13. Hukuk Dairesi 2013/10154 E. , 2013/9800 K.
"İçtihat Metni"MAHKEMESİ :Asliye Hukuk Mahkemesi
Taraflar arasındaki itirazın iptali davasının yapılan yargılaması sonunda ilamda yazılı nedenlerden dolayı davanın kabulüne yönelik olarak verilen hükmün süresi içinde taraflar avukatınca temyiz edilmesi üzerine dosya incelendi gereği konuşulup düşünüldü.
K A R A R
Davacı, taraflar arasında 20.02.2006 tarihinde tapu tahsis belgeli tesis sözleşmesinin imzalandığını,buna göre ... ili, ... Mah. 7. Cad. No : 112 adresinde bulunan 2076/A analiz nolu tesis için tahsis edilen toplam 126 m2 arsa verilecek olan 80 m2 " lik 1 adet konut karşılığına isabet eden 400 m2 tahsisten 274 m2" nin eksik olduğunu,eksik inşaat alanı için toplam 19.518,20 TL borç çıkarıldığını,1.011,30 TL enkaz bedelinin düşüldüğünü, 18.506,90 TL borcunu davalı belediyeye ödediğini,kendisine ait tesis bedelinin eksik ödendiğini,davalı belediyeden 9.101,70 Tl alacaklı olduğunu,alacağının tahsili için ... 30. İcra Müdürlüğünün 2012/7450 esas sayılı dosyasında yapılan icra takibine davalı ... tarafından itiraz edildiğini belirterek itirazın iptali ile %40 icra inkar tazminatına karar verilmesini istemiştir.
Davalı, davanın reddini dilemiştir.
Mahkemece,davanın kabulü ile, davalının ... 30. İcra Müdürlüğünün 2012/7450 esas sayılı dosyasına yaptığı itirazının iptali ile 9.101,00 TL asıl alacağın takip tarihinden itibaren işleyecek yasal faizi ile birlikte davalıdan alınıp, davacıya ödenmesine, davacı tarafın icra inkar tazminatı talebinin alacağın bilirkişi raporu ile belirlenmesi ve likit olmaması nedeniyle reddine karar verilmiş, hüküm taraflarca temyiz edilmiştir.
1-Dosyadaki yazılara, kararın dayandığı delillerle yasaya uygun gerektirici nedenlere ve özellikle delillerin takdirinde bir isabetsizlik bulunmamasına göre davalının temyiz itirazlarının reddi gerekir.
2-İİK’nın 67. maddesinin 2.fıkrası hükmünce, icra- inkar tazminatına hükmedilebilmesi için borçlunun takip sırasında ödeme emrine itiraz etmesi ve alacağını mahkemede dava ederek haklı çıkması gerekir.
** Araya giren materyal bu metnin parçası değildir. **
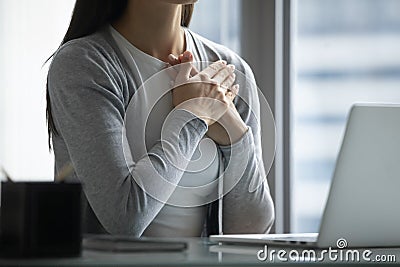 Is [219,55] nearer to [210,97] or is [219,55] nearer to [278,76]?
[210,97]

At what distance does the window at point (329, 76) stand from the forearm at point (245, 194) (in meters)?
1.08

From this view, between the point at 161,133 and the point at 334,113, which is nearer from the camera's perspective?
the point at 161,133

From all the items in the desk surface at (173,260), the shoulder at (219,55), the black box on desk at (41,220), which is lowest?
the desk surface at (173,260)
Burada borçlunun kötüniyetli itiraz etmiş bulunması yasal koşullardan değildir. İnkar tazminatı, aleyhinde yapılan icra kovuşturmasına itiraz edip duran ve işin itirazla çabuk bitirilmesine engel olan borçluya karşı konulmuş bir yaptırımdır. Bunlardan ayrı, alacağın likit ve belli olması gerekir. Daha geniş bir açıklama ile borçlu tarafından alacağın gerçek miktarı belli, sabit ve belirlenmek için bütün unsurlar bilinmesi mümkün nitelikle olması yeterlidir. Borçlu yalnız başına ne kadar borçlu olduğunu tespit edebilir durumda ise, alacağın likit ve muayyen olduğunun kabulü zorunludur. Öte yandan, alacağın muhakkak bir belgeye bağlı olması da şart değildir. Açıklanan yasal kuralların ışığında takip konusu alacak değerlendirildiğinde, borçlu yalnız başına ne kadar borçlu olduğunu tespit edebilecek konumda bulunması nedeniyle alacağın likit ve muayyen nitelikte olduğunun kabulü ile icra inkar tazminatına hükmedilmesi gerekir. Mahkemece, davacının bu istemi hakkında kabul kararı verilmesi gerekirken, yazılı şekilde icra inkar tazminatı talebinin reddedilmesi usul ve yasaya aykırı olup, bozma nedenidir.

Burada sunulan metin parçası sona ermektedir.